Slicing, dicing, & general fun

Creative commons,

Sometimes we need to calculate something outside the standard LCA equations. In this blog post, I will show you how I recently did three such calculations using Brightway. There is an accompanying notebook which provides complete code examples.

How important is electricity?

At PSI, we work a lot on energy production and consumption, and supply lots of electricity and mobility datasets to ecoinvent. A natural question for us is therefore just how important (in terms of share of environmental impact) our datasets are. This is a bit tricky to calculate, as we want to estimate the cumulative impact of electricity everywhere it is supplied in the supply chain. You could try manually traversing the supply chain, calculating the impact of an electricity input each time it was encountered, but that sounds long and tiresome. Instead, we can be clever and compare the impact of an activity with and without any electricity in the system - the difference is the fraction of the impact that comes from electricity consumption. Instead of zeroing out each electricity input by hand in the technosphere matrix, but we can skip some work by building on top of the Wurst framework, which has a number of built-in manipulation functions. The key is the create a copy of ecoinvent, zero out the electricity inputs for each activity, and then... well, then you are done!
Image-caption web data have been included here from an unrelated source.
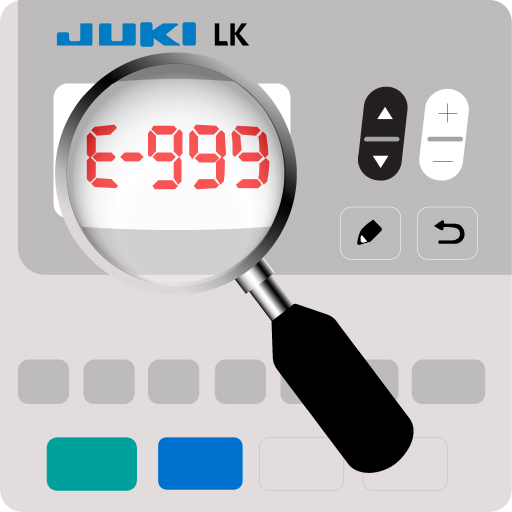 Sewing Error Solutions For JUKI icon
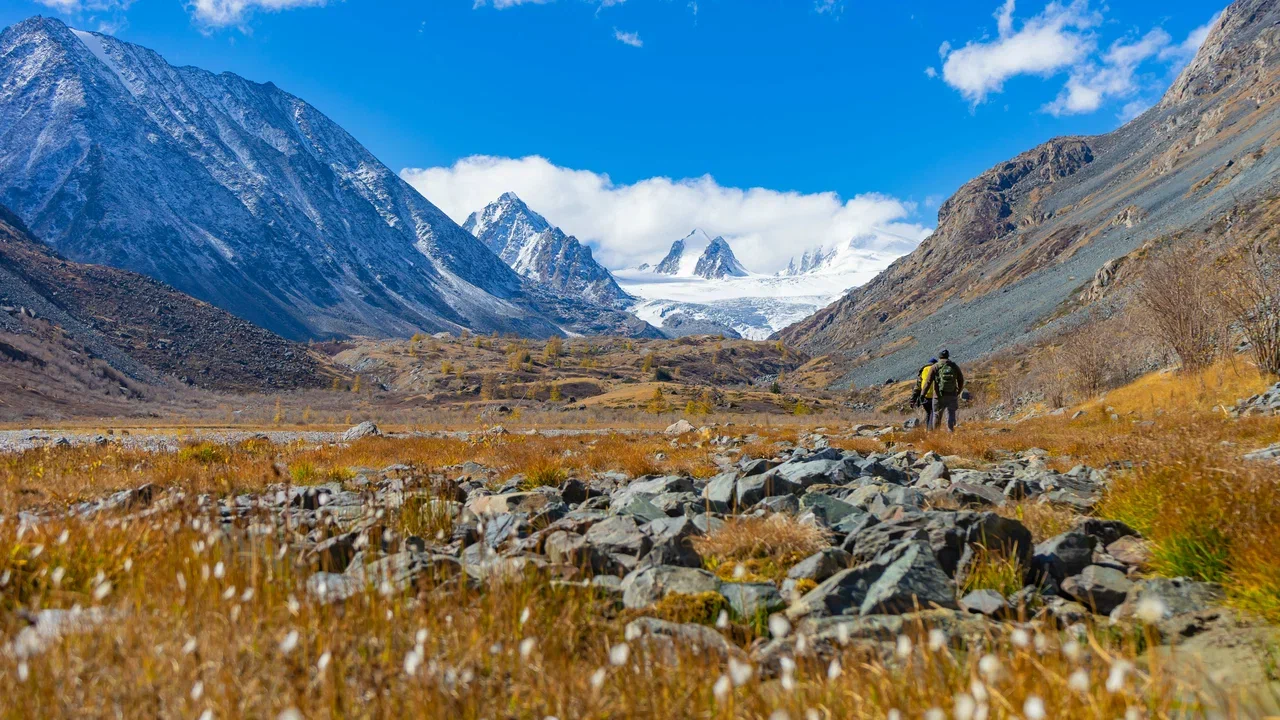 Путешествие Золотые горы Алтая (89/116)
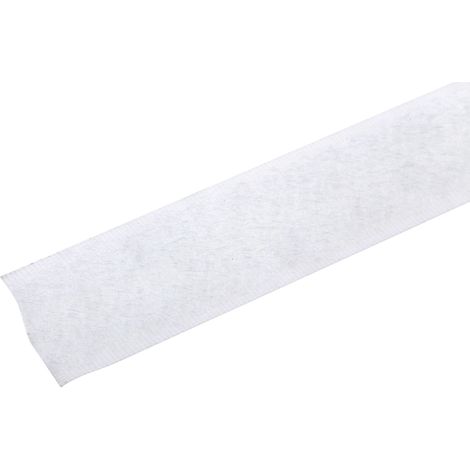 Ruban auto-agrippant RS PRO, 20mm x 5m, Blanc ( Prix pour 1 )
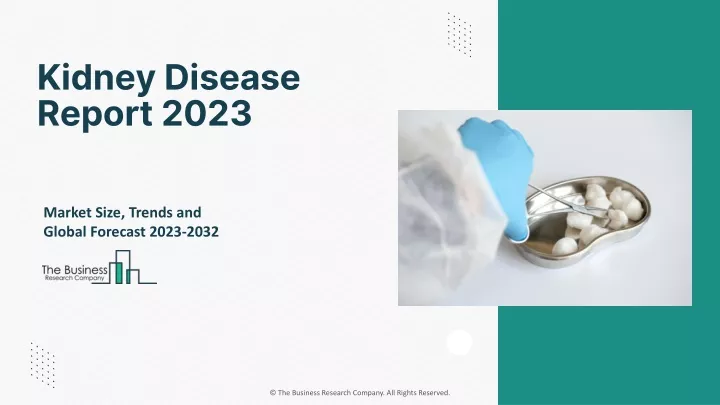 kidney disease report 2023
When working with ecoinvent, you should expect the unexpected. Our initial guess is that electricity inputs will have the unit "kilowatt hour", but we need to check this - and we need to check to make sure that there aren't any electricity inputs with have a different energetic unit. We do both these checks manually in the accompanying notebook.
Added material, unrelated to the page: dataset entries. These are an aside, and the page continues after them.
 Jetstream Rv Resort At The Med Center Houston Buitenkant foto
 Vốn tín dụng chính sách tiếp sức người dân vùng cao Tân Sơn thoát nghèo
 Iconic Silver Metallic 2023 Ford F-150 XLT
Here is the code to set each electricity input to zero:

import wurst as w
ecoinvent = w.brightway.extract_brightway2_databases(["ecoinvent 3.4 cutoff"])
kwh = w.equals("unit", "kilowatt hour")

for dataset in ecoinvent:
    for exchange in w.technosphere(dataset, kwh):
        exchange['amount'] = 0

w.brightway.write_brightway2_database(ecoinvent, "3.4 no electricity")
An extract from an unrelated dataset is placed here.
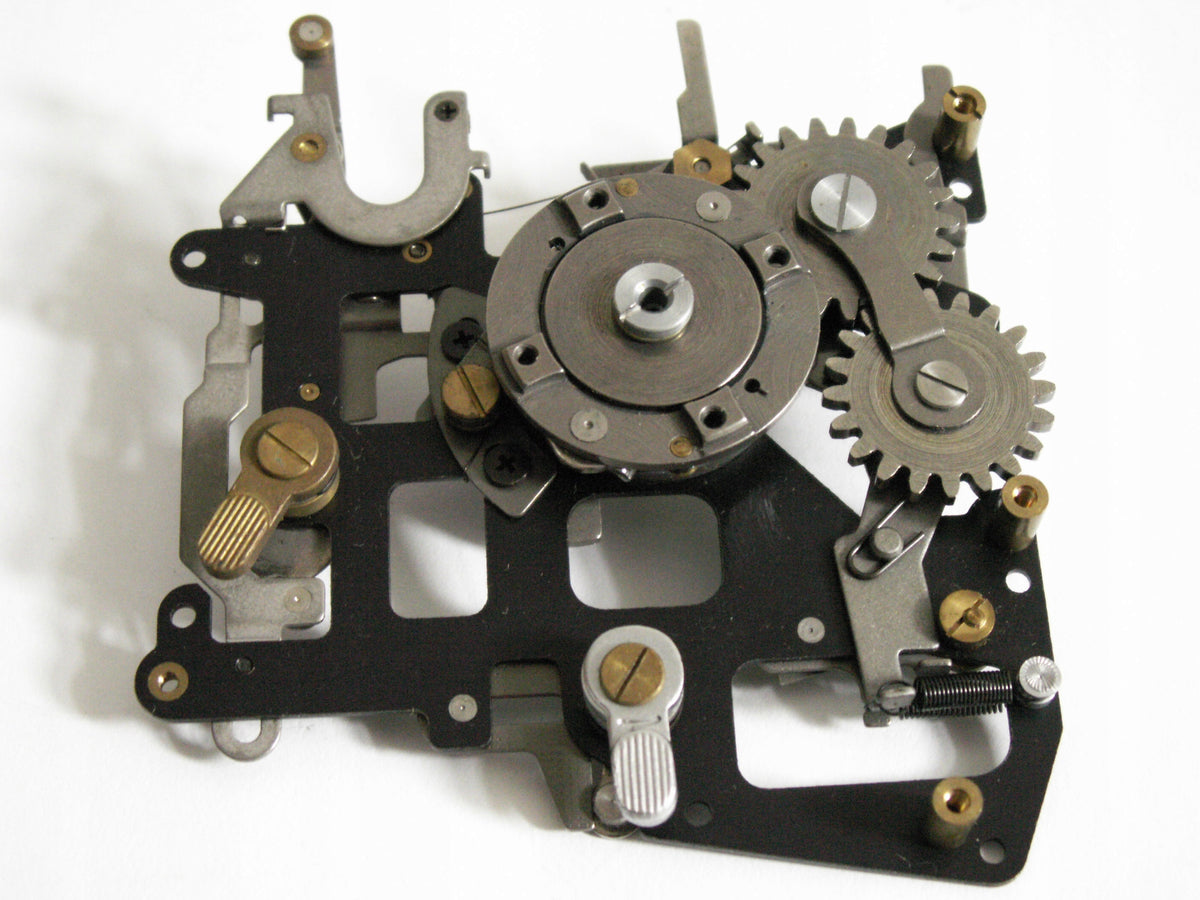 BRONICA winding unit - nowy kompletny mechanizm naciągu-przewijania ETRSi Manufacturer code winding unit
Due to our recent speedups, it is quite reasonable to calculate LCIA scores for all activities in ecoinvent 3.4 (something like three minutes, depending on your computer); when we compare the scores of the original and the modified database, we see that electricity accounts for 31 percent of total impact on average for the ReCiPe total indicator (2008, hierarchist perspective).

Grouping impact by location

Brightway has a complete regionalization framework, but sometimes you want to do a quick and dirty calculation, or just want to know the total score of some LCIA method by location. We can calculate the characterized matrix for a given functional unit. In the conventional LCA equation, the dimensions collapse, and the result is a 1 by 1 matrix:

\begin{equation*} h = CBA^{-1}f \end{equation*}

However, Brightway doesn't do this - it loses a lot of information that we want! Instead, we diagonalize at key places to get a characterized inventory matrix with rows of biosphere flows, and columns of activities:

\begin{equation*} h = diag( C ) BA^{-1} diag( f ) \end{equation*}

We know which activity is in which column, and so we know each column's associated location. We can then create a Pandas dataframe with the total score (summed over all rows) and location for each column, and then use Pandas groupby to sum each distinct location:

import brightway2 as bw
import pandas as pd

def dataframe_by_activity(activity, method):
    lca = bw.LCA({activity: 1}, method=method)
    # 0 is the first dimension, i.e. biosphere flows
    activity_scores = lca.characterized_inventory.sum(axis=0)
    df = pd.DataFrame.from_dict([
                'location': a['location'],
                # 0 because there is only one row in this matrix
                'score': activity_scores[0, lca.activity_dict[a]]
        for a in bw.Database(activity['database'])
        # Skip activities with no impact - not actually necessary but cleaner
        if activity_scores[0, lca.activity_dict[a]] != 0])
    return df.groupby('location').sum().sort_values('score', ascending=False)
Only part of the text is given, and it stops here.